Slamming doors and bad, awful days

One of the many amazing, ceaselessly interesting things about being a parent is this: Your children will sometimes remember things that you intended for them to remember, even when you've forgotten.

On Monday of this week, my youngest daughter Molly, a seventh-grader, had what my family calls a "bad, awful day" at school. (The phrase is from a Sesame Street book, Grover's Bad, Awful Day. Some small portion of you readers are nodding right now, saying to yourselves, "Oh, yeah, that's the one where Grover stepped in the chewing gum, lost his rubber rain-boot, et cetera." Yes, that's the one. It's easy to confuse with the one in which Ernie and Bert are so angry at each other for not meeting under the statue in the park to fly kites.) When I picked her up from school and took her to her mom's house, Molly stormed off to her room, slamming the door in her older sister Sarah's face. "Molly Grace Dyer!" yelled Sarah Kathleen Dyer through the door, "Don't you know how dangerous it is to slam doors?"

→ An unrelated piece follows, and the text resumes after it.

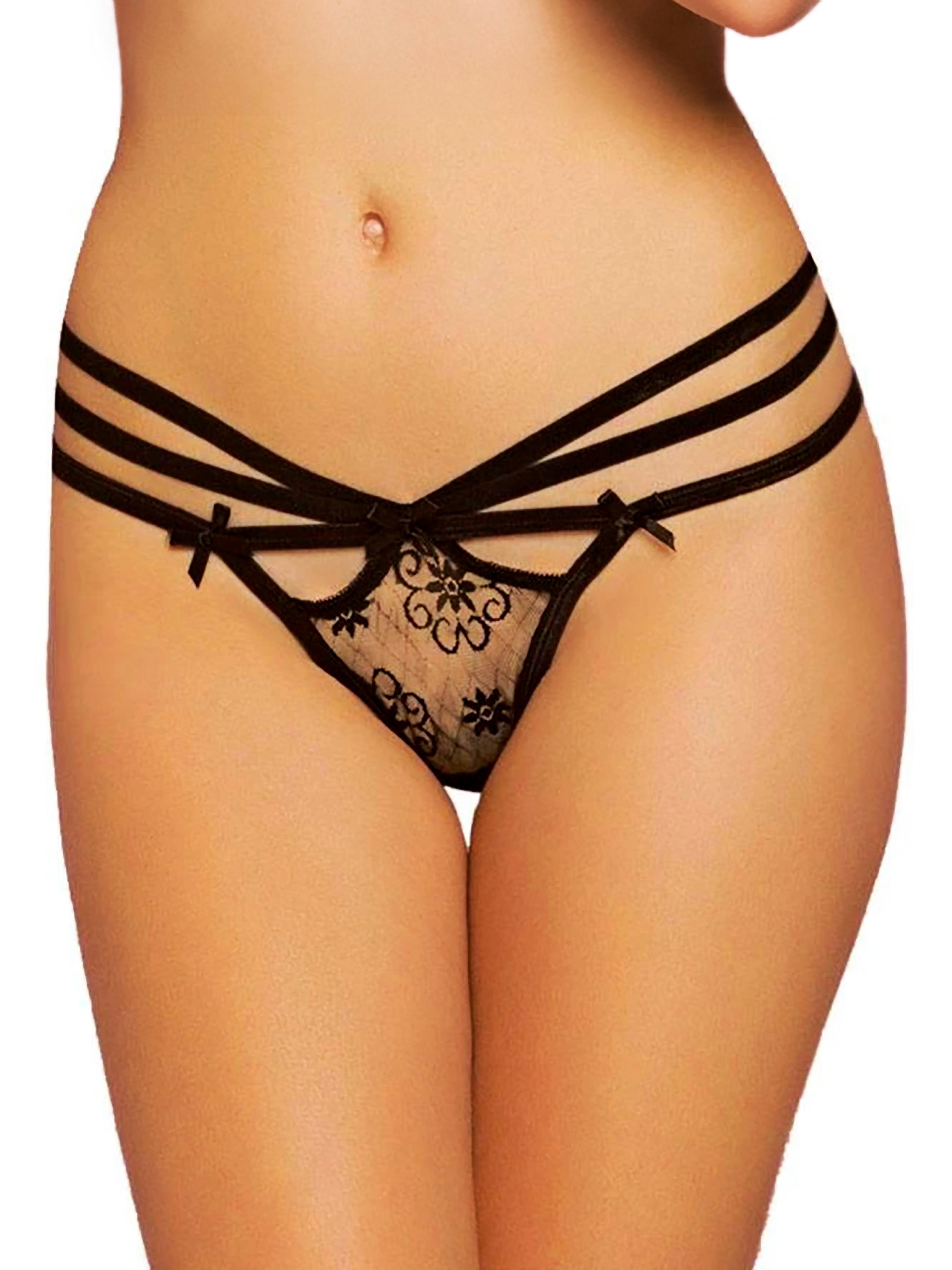 Seven 'til Midnight Black Lace Strappy Thong, Black, hi-res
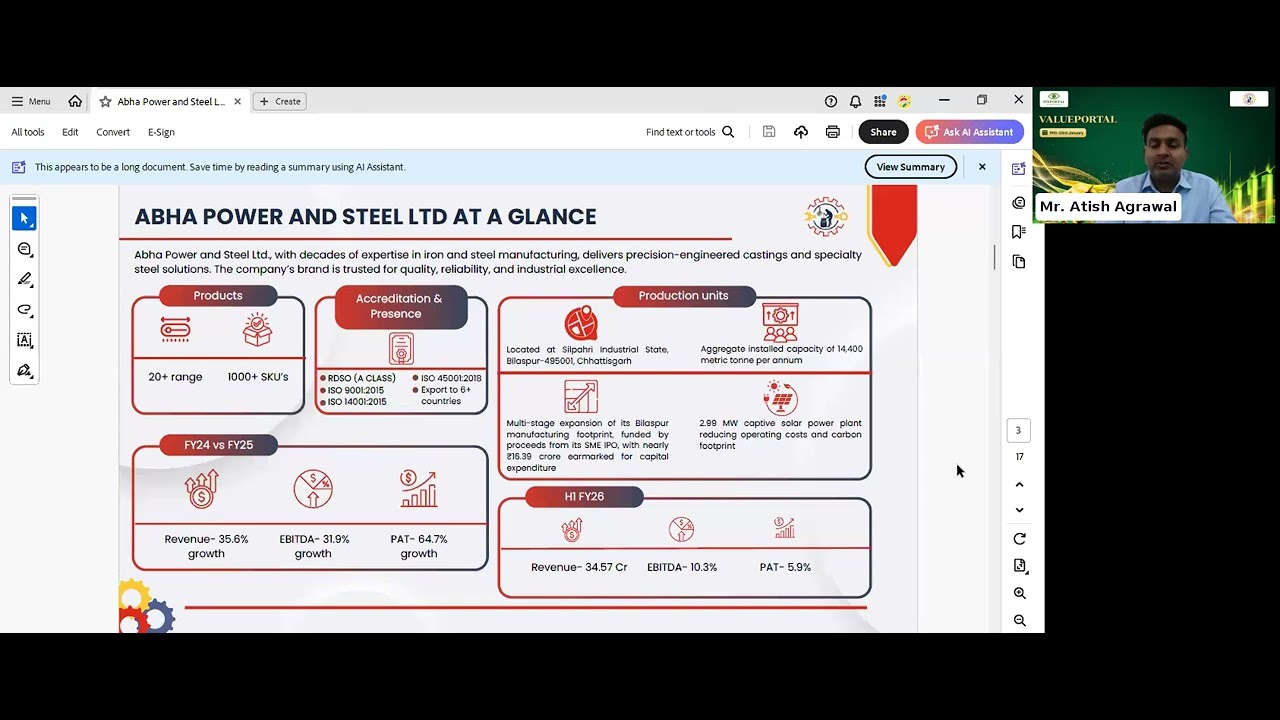 Abha Power and Steel Ltd Value Portal Event Call | Abha Power and Steel Ltd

"Dangerous?" I asked, genuinely perplexed.

This prompted Sarah to recall aloud at some length an incident when she (Sarah) was a much, much younger child — maybe three or four years old at the most, and thus an incident from at least a dozen years ago, in a previous century. Like my other three children, Sarah is, has always been, and will always be a passionate person. And as a toddler she was much inclined to slam doors.

So it was that the particular incident she related this week was one in which, after one such slamming, I'd fetched from our refrigerator's meat drawer an uncooked hot dog wiener that I'd first put into a Glad bag, and that I'd then stuck halfway through the crack between her bedroom door and its door-frame when the door was half-way opened. "Here, Sarah," I'd pronounced with parental tendentiousness, "is what can happen when you slam doors!" And then I'd slammed her bedroom door on that bagged hot dog wiener — BANG! "That could be your mother's finger!" I'd said, with utmost seriousness, while scooping the shredded meat byproducts out of the baggie and dropping them dramatically, in severed and exploded pieces, onto the doorway floor.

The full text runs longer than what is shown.